Also in response to the original query:

Caveat: repetition of the same error begets insanity.

We need to repeat the right methods, including the right method of focusing.

The challenge is to stay focused. Some of the things that distract us from remaining focused on the actualization of one's values can be: living in a society at odds with one's values, dealing with people consciously or unconsciously hostile to your values, limitations placed on our acheivements because of the irrational fears or jealousies of others, lack of access to the full resources an open society would afford the most productive, etc. But these are external factors, and only partly beyond our control.

An internal limitation is the self image and self prospects one allows one to believe. Do we on some level agree with our attackers? At weak moments do we allow ourselves to give in to their assaults because it is just easier to let them believe what they do so we can have some momentary surcease? This is a hard road to maintain when people who we trust disappoint us so much and render our honest work as fodder for their irrational campaigns.

I take aikido. I have learned that it is better to slow down and learn a few things properly instead of rushing around and learning nothing well. Often people repeat the same flawed techniques for decades, even achieving rank beyond their abilities. Psychological retraining is a lot like aikido. Aikido teaches you to move into an attack to the place where you can be safe again, and where you can control the opponent without damaging them. It is only achieved by relaxing and moving into an attack. This is a frightening thing for most people, and something that takes many years of training to master. Learning and then defending a rational philosophy, not only to others, but daily to yourself, is also a hard thing to do, and takes many years of deprogramming and retraining.

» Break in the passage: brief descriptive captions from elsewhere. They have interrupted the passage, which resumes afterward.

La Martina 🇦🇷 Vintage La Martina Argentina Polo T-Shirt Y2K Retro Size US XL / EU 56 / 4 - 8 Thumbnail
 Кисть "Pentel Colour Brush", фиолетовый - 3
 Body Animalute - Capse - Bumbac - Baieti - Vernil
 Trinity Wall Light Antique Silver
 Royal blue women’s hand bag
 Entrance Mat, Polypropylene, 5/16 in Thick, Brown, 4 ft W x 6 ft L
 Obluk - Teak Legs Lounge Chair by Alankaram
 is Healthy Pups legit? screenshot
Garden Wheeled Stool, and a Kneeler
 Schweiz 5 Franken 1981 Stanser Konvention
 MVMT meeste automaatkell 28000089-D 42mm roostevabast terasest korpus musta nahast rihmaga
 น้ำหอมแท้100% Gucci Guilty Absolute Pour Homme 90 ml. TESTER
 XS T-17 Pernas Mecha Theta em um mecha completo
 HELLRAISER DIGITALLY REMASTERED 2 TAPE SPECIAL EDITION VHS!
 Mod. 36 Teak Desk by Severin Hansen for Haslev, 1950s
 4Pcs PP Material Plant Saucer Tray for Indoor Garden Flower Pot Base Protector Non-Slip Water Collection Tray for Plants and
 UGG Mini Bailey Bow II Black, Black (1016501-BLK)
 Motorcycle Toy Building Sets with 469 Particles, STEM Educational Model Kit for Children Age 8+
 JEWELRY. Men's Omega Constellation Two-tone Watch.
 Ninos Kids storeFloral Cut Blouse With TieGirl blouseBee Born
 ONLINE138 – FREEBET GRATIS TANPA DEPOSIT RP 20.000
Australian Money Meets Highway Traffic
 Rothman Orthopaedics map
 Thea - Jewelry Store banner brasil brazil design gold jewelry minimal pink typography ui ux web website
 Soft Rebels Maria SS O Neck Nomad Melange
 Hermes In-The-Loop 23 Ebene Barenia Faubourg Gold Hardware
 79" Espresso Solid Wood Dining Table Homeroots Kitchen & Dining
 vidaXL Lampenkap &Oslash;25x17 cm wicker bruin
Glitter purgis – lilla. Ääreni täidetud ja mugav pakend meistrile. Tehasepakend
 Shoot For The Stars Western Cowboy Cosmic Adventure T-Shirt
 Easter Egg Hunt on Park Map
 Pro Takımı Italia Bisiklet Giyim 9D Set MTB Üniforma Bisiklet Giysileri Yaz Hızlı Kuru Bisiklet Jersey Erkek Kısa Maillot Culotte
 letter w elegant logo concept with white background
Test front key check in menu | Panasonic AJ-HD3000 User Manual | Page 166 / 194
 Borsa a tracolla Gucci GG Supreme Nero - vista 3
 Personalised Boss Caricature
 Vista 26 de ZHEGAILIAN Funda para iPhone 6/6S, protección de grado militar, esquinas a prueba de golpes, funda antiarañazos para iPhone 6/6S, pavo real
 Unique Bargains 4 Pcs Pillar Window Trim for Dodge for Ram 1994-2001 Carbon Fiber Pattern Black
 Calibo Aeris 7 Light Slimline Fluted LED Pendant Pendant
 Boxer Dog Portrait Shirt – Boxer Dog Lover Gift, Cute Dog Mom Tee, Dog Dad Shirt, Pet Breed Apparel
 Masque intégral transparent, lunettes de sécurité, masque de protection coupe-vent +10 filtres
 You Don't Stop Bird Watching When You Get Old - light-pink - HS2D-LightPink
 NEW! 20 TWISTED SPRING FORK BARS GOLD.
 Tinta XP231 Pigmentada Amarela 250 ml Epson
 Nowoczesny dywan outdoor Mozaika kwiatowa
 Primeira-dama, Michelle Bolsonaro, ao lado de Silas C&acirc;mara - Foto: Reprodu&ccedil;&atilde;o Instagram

I posit that the best way to learn to stay focused, as I've had to do while writing patents and doing patent searches for a living, is to examine slowly each distraction, disturbance, and attack, and see it for what it is, and decide if you can do something about it, or if you can just choose to ignore it as the kettledrums of savages. This is not easy, but it gets easier the more you do it. There are more solutions than you might imagine when you clear your mind of justified anger at these distractions, and see what tools you have to combat or neutralize them. Eventually attacks do not make you tense up, or get defensive, and the control is back in your hands. You can choose what you want to do because you can see that you actually have choices.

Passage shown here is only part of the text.